#### [Material provided]
——————
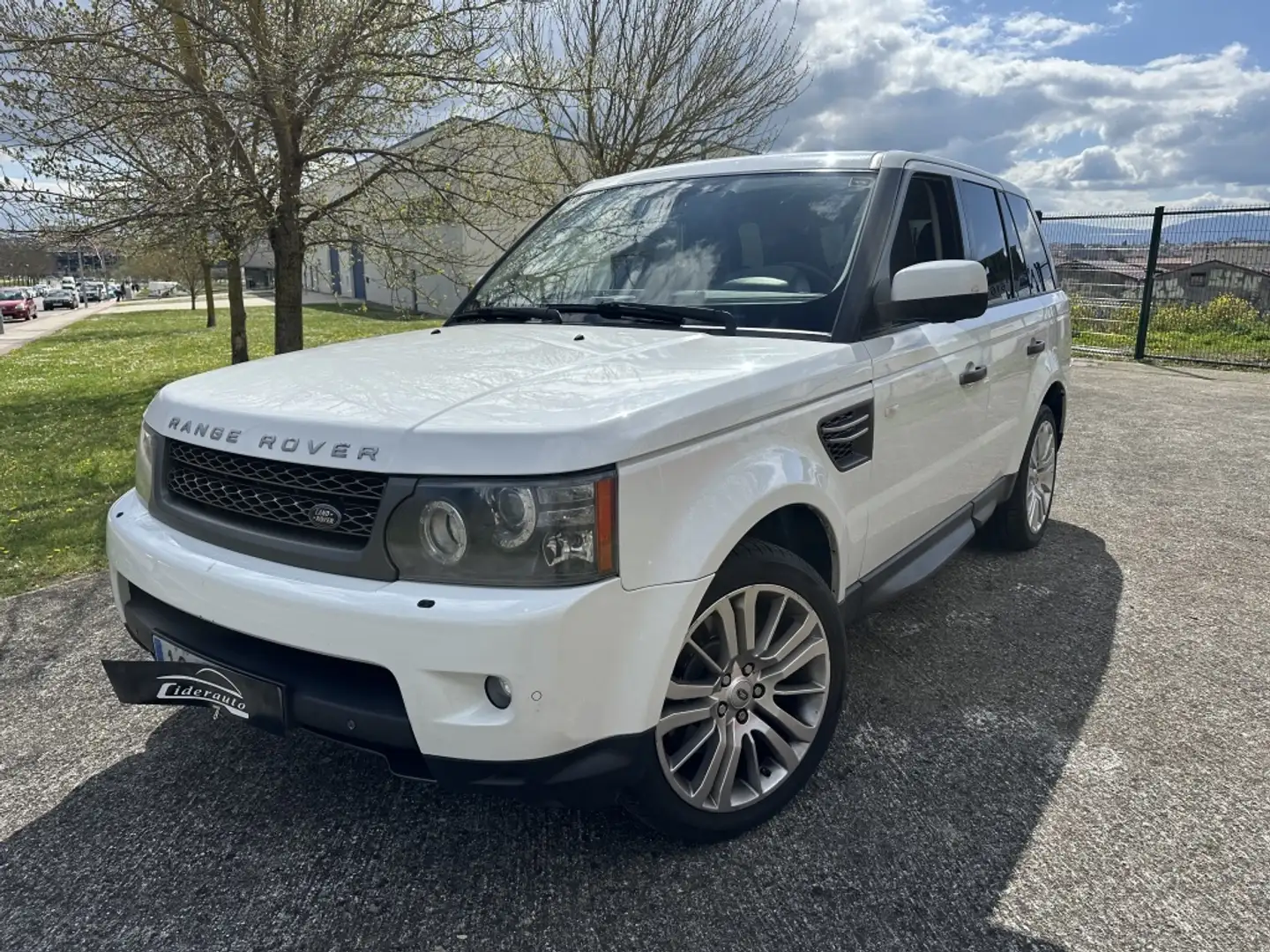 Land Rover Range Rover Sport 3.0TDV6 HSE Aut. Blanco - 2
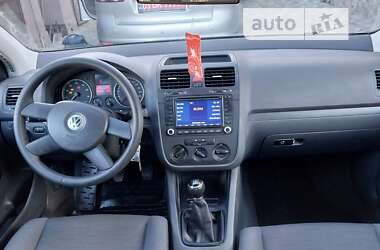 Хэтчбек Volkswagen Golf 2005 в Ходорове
——————
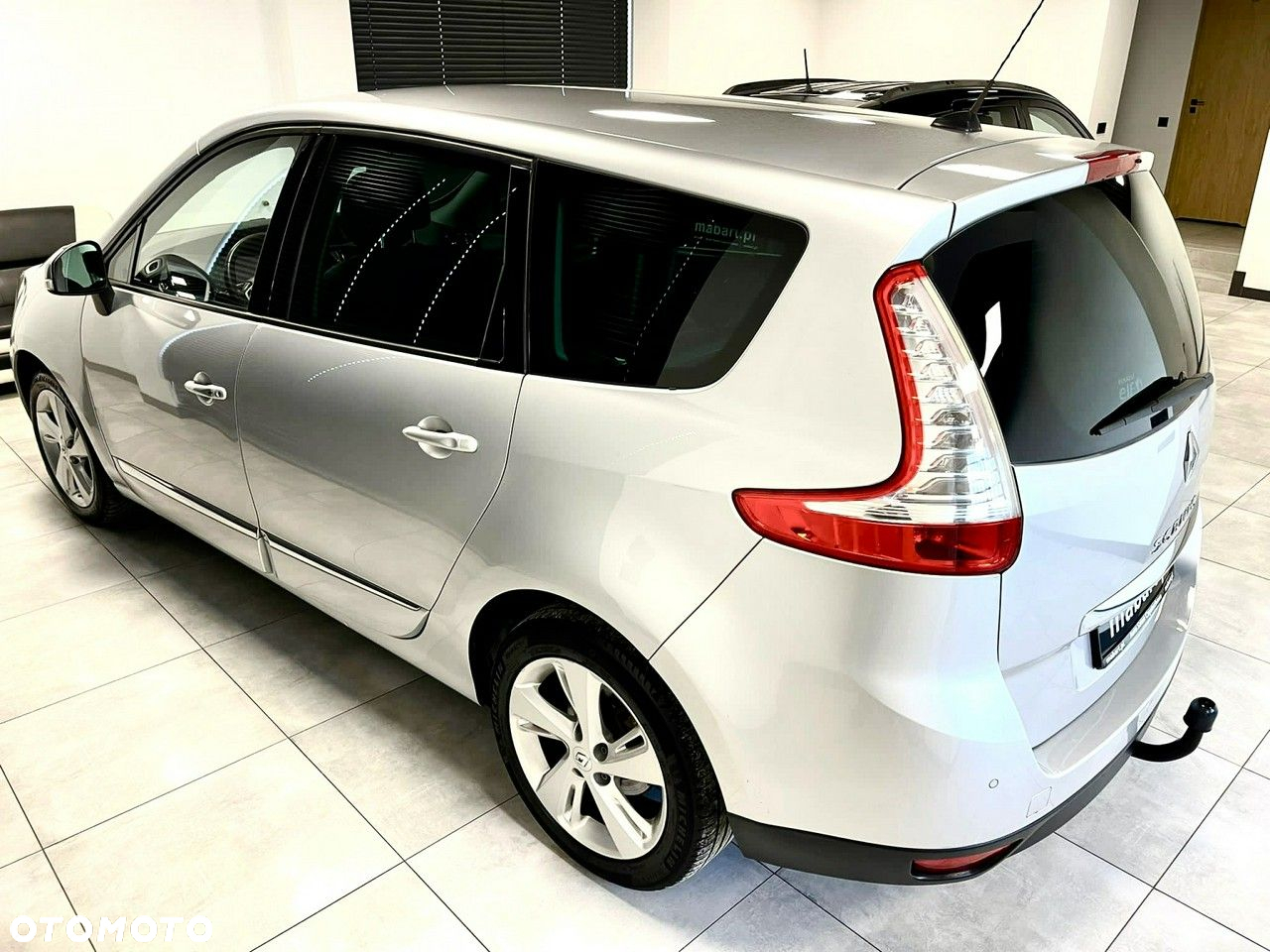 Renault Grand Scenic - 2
——————
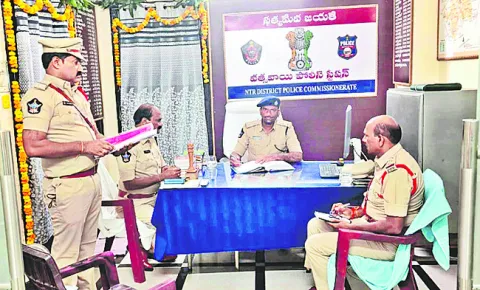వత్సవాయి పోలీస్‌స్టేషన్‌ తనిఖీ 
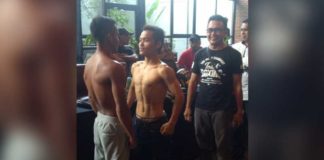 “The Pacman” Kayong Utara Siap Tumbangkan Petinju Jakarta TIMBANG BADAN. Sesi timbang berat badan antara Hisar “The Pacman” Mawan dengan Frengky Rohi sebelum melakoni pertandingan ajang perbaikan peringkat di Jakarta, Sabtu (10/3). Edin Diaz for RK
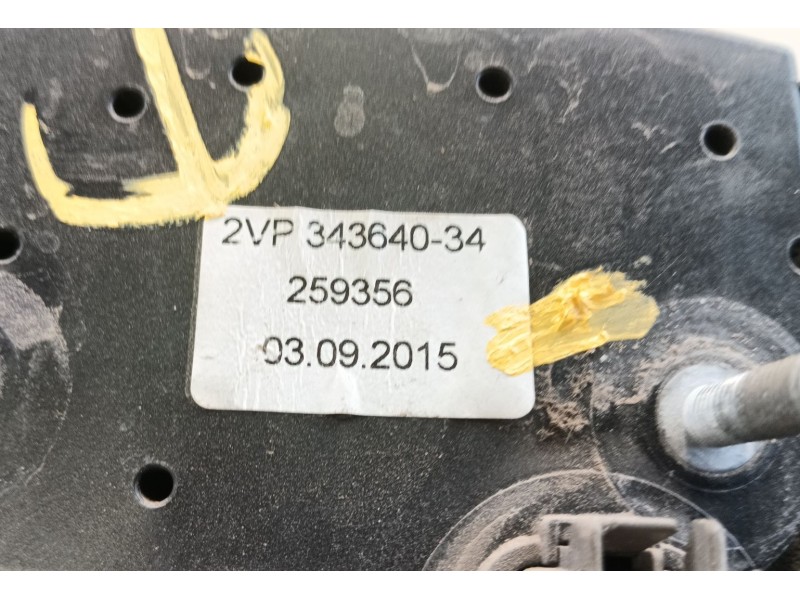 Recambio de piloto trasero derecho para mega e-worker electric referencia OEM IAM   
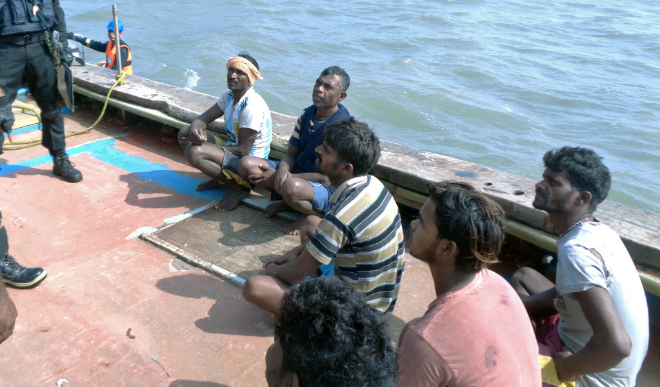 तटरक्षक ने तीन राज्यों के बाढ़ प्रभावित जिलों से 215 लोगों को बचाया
——————
#### [To do]
Take only the lines above from the one that has "Diaz for RK" through the one that has "तटरक्षक ने तीन" and reproduce them exactly, omitting any pictures.

#### [Result of the task]
 “The Pacman” Kayong Utara Siap Tumbangkan Petinju Jakarta TIMBANG BADAN. Sesi timbang berat badan antara Hisar “The Pacman” Mawan dengan Frengky Rohi sebelum melakoni pertandingan ajang perbaikan peringkat di Jakarta, Sabtu (10/3). Edin Diaz for RK
 Recambio de piloto trasero derecho para mega e-worker electric referencia OEM IAM   
 तटरक्षक ने तीन राज्यों के बाढ़ प्रभावित जिलों से 215 लोगों को बचाया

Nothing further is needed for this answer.